Barker’s work expanded the public’s knowledge of the important issues surrounding them. That work is irreplaceable.
“He was uniquely able to stitch all of these complicated things together because he knew his stuff,” Johnson said. It wasn’t just from me. It was from
all the key players. That was his strength. Rocky always knew more than he wrote. Always. Every. Single. Story.”
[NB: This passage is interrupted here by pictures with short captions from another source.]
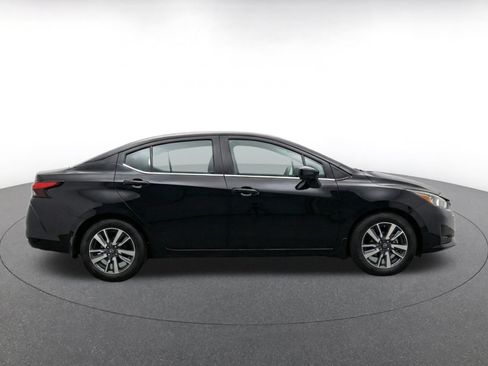 Used 2025 Nissan Versa SV FWD image 10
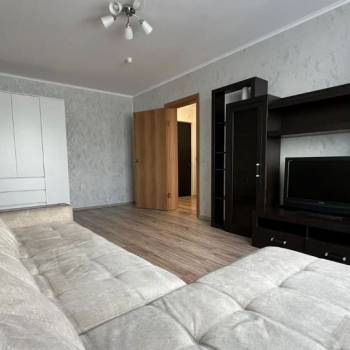 Сдается 1-комнатная квартира, 38 м²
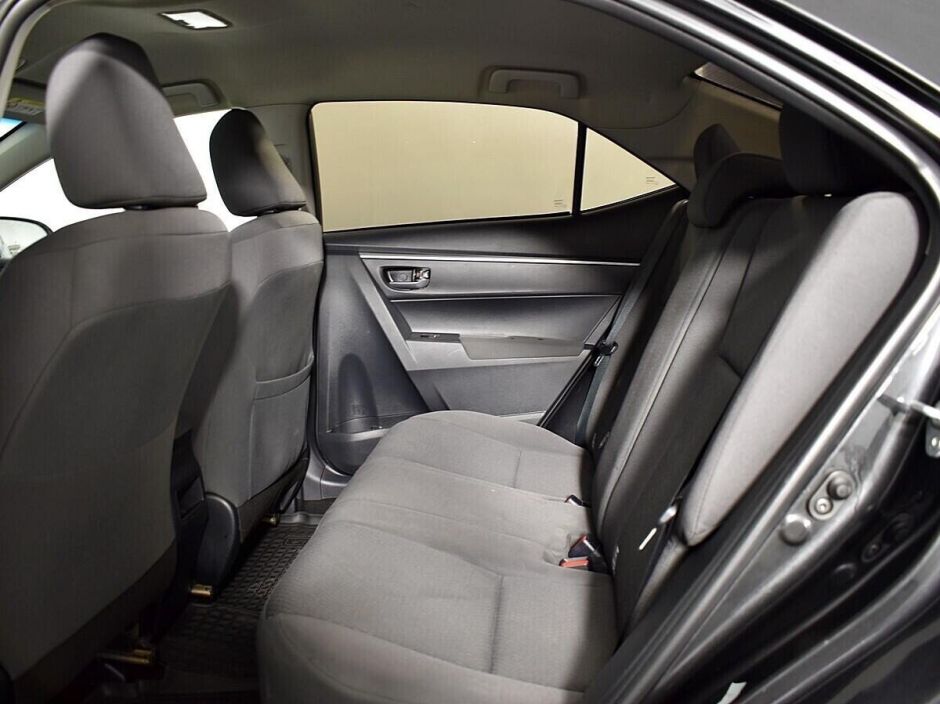 Toyota Corolla 1.6 CVT, 2017, 83 000 км фото 9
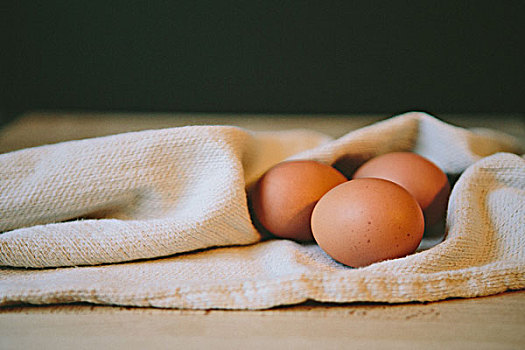 三个,褐色,蛋,餐巾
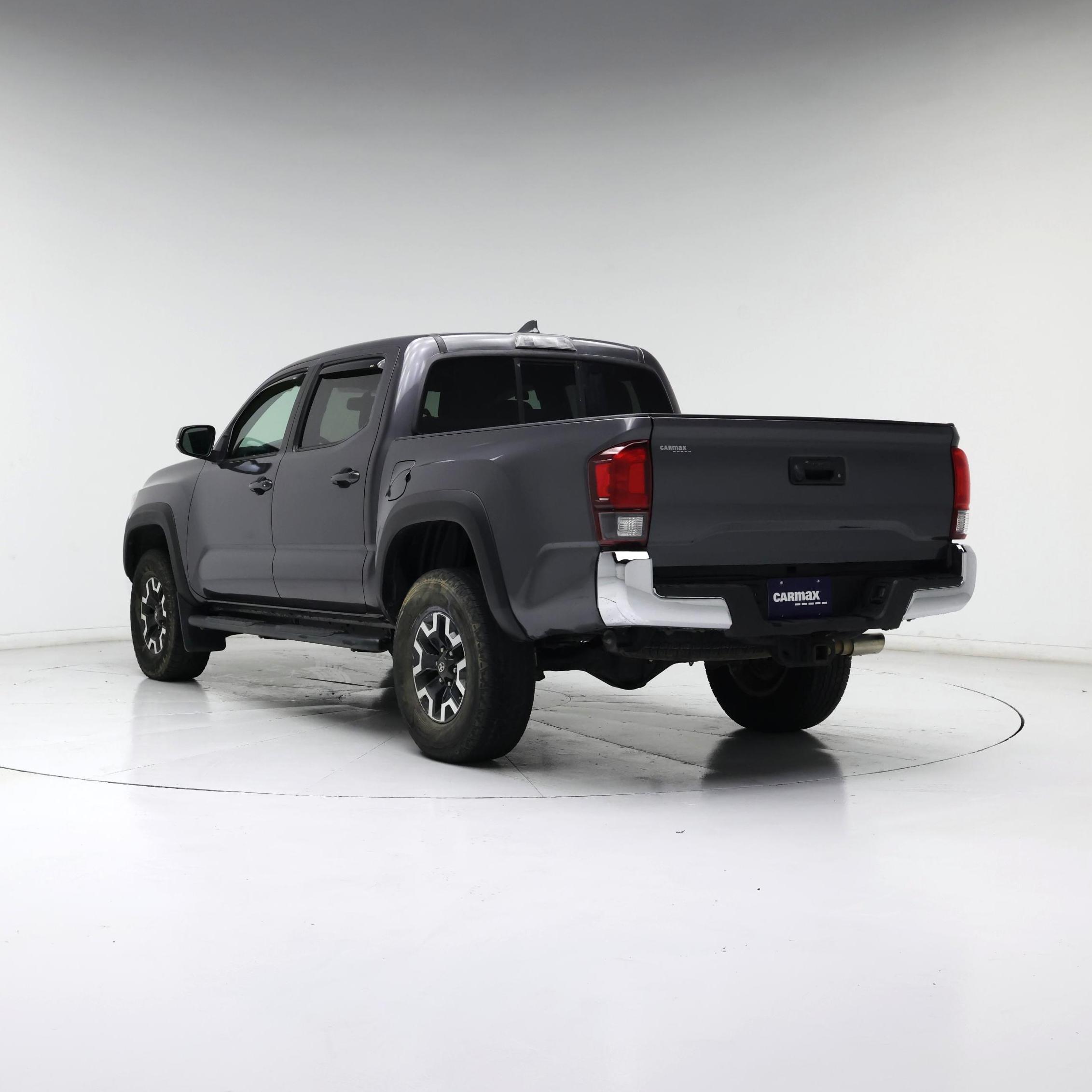 Thumbnail: 2016 Toyota Tacoma - 2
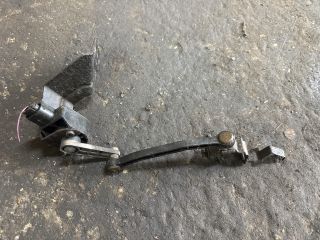 bontott AUDI A4 B6 Első Xenon Szintszabályzó Jeladó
Barker says he plans to spend retirement writing books or working on projects that feed his passion for the outdoors. He also plans to spend more time with a fishing rod in his hand. Ditching the family vacation to cover the ’88 Yellowstone fire wasn’t the only time Barker’s wife and children took a backseat to his work. He built a career out of working long hours and dropping everything to chase the big story. Barker said it finally dawned on him in recent years that his priorities were unfair to his family, and that their sacrifices remain his greatest regret.
“It’s never been a job for me,” Barker says. “It was a quest, and I always put my quest first.”
Barker talked his way into his first reporting job shortly after the Watergate scandal forced President Richard Nixon’s resignation. Barker’s career has spanned the eight administrations that followed. France, who nominated Barker for his organization’s prestigious National Conservation Achievement Award that the reporter received in 2000,
says Barker’s longevity was part of how he shaped public discourse.
“I nominated him for a body of work that extended back 15 years. I didn’t think then about the next 18 years and how that body of work would grow, how it would become richer,” France says. “His bearing witness to the West for over 30 years is a tremendous legacy.”